# MATERIAL SHOWN:
##############################

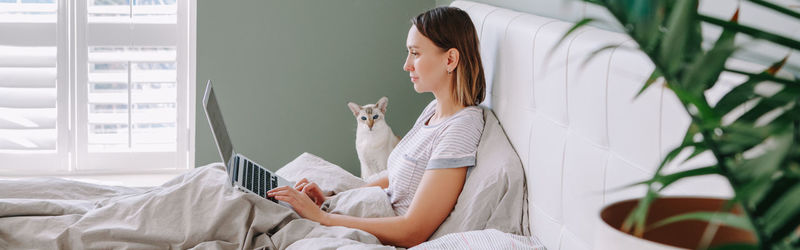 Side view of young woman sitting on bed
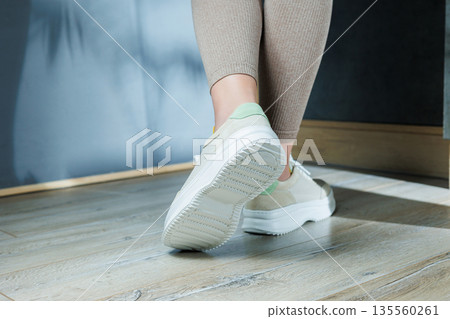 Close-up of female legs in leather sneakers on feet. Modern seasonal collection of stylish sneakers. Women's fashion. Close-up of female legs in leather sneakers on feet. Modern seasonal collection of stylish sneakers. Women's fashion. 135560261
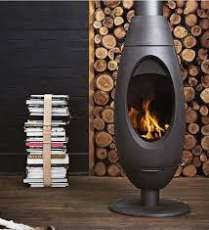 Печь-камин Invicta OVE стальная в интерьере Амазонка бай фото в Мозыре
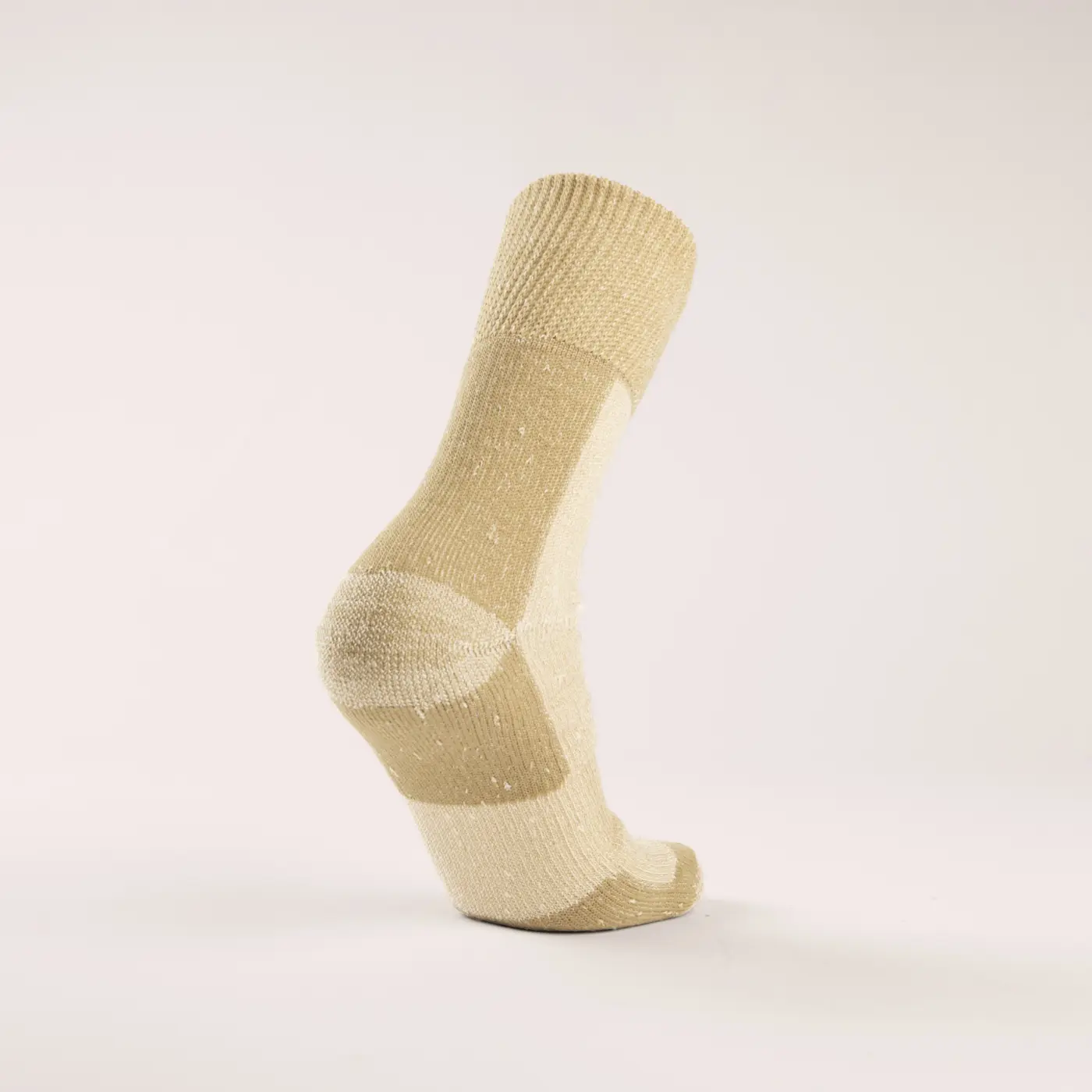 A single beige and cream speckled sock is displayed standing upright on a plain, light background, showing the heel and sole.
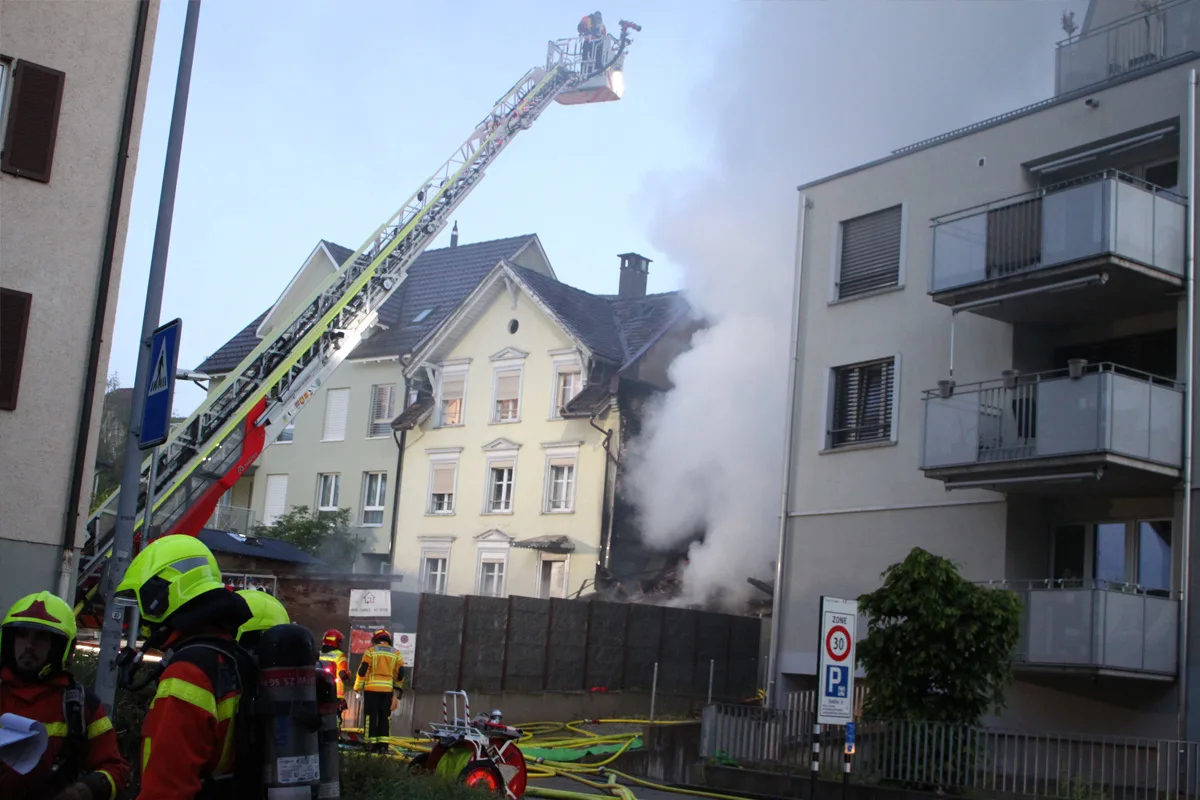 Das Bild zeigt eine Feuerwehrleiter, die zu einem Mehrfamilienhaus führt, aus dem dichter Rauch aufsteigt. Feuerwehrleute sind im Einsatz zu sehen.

##############################

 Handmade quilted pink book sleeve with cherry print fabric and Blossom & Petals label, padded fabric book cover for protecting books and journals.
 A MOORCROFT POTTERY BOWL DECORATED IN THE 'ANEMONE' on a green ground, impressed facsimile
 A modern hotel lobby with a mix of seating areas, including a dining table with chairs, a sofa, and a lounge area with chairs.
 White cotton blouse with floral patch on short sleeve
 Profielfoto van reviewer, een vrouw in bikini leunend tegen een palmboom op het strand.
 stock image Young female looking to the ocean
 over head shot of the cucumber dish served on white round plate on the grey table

##############################

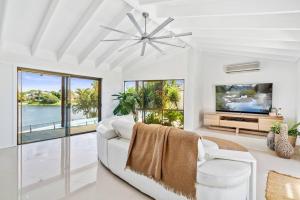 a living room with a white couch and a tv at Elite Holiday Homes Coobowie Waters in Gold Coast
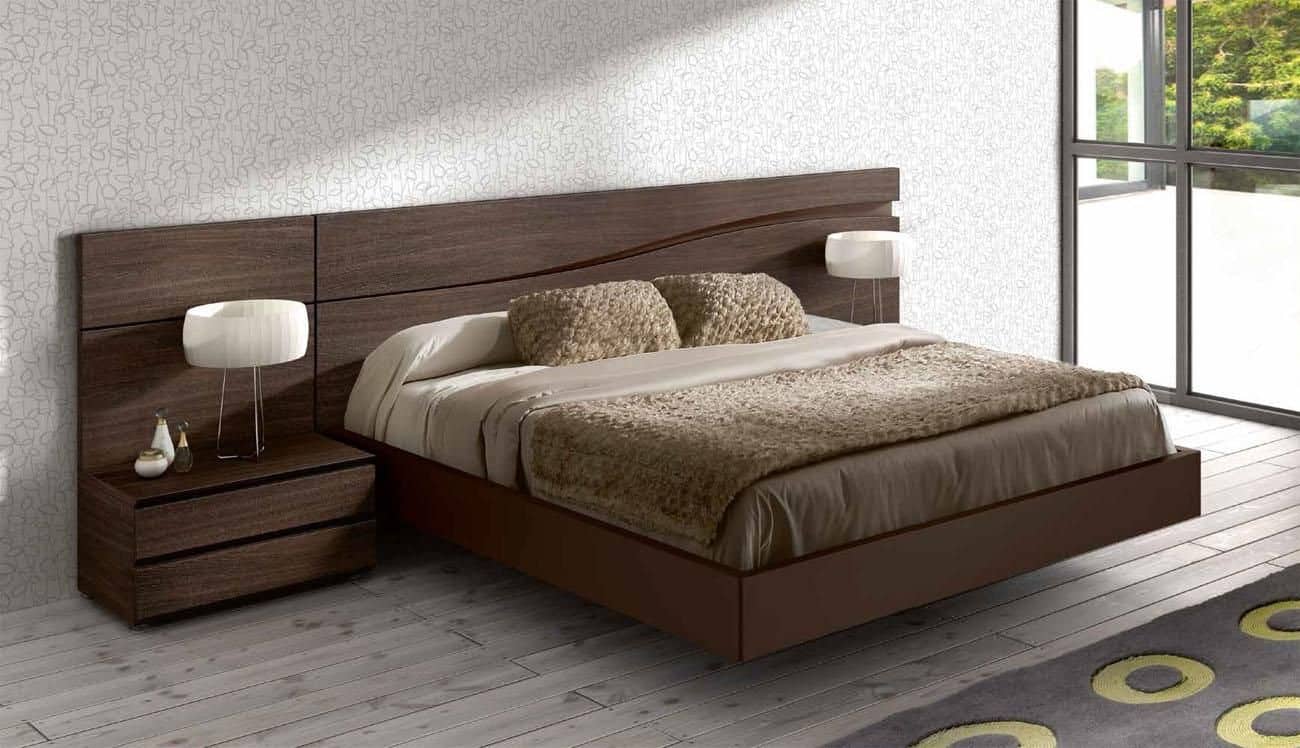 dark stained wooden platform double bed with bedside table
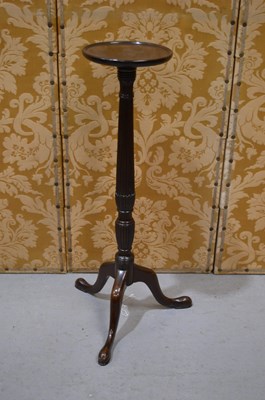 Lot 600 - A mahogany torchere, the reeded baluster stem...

##############################

# YOUR ASSIGNMENT:
Begin at the line in the entries above that has "A single beige", stop after the line that has "Das Bild zeigt", and output exactly those lines without pictures.

# TASK SOLUTION:
 A single beige and cream speckled sock is displayed standing upright on a plain, light background, showing the heel and sole.
 Das Bild zeigt eine Feuerwehrleiter, die zu einem Mehrfamilienhaus führt, aus dem dichter Rauch aufsteigt. Feuerwehrleute sind im Einsatz zu sehen.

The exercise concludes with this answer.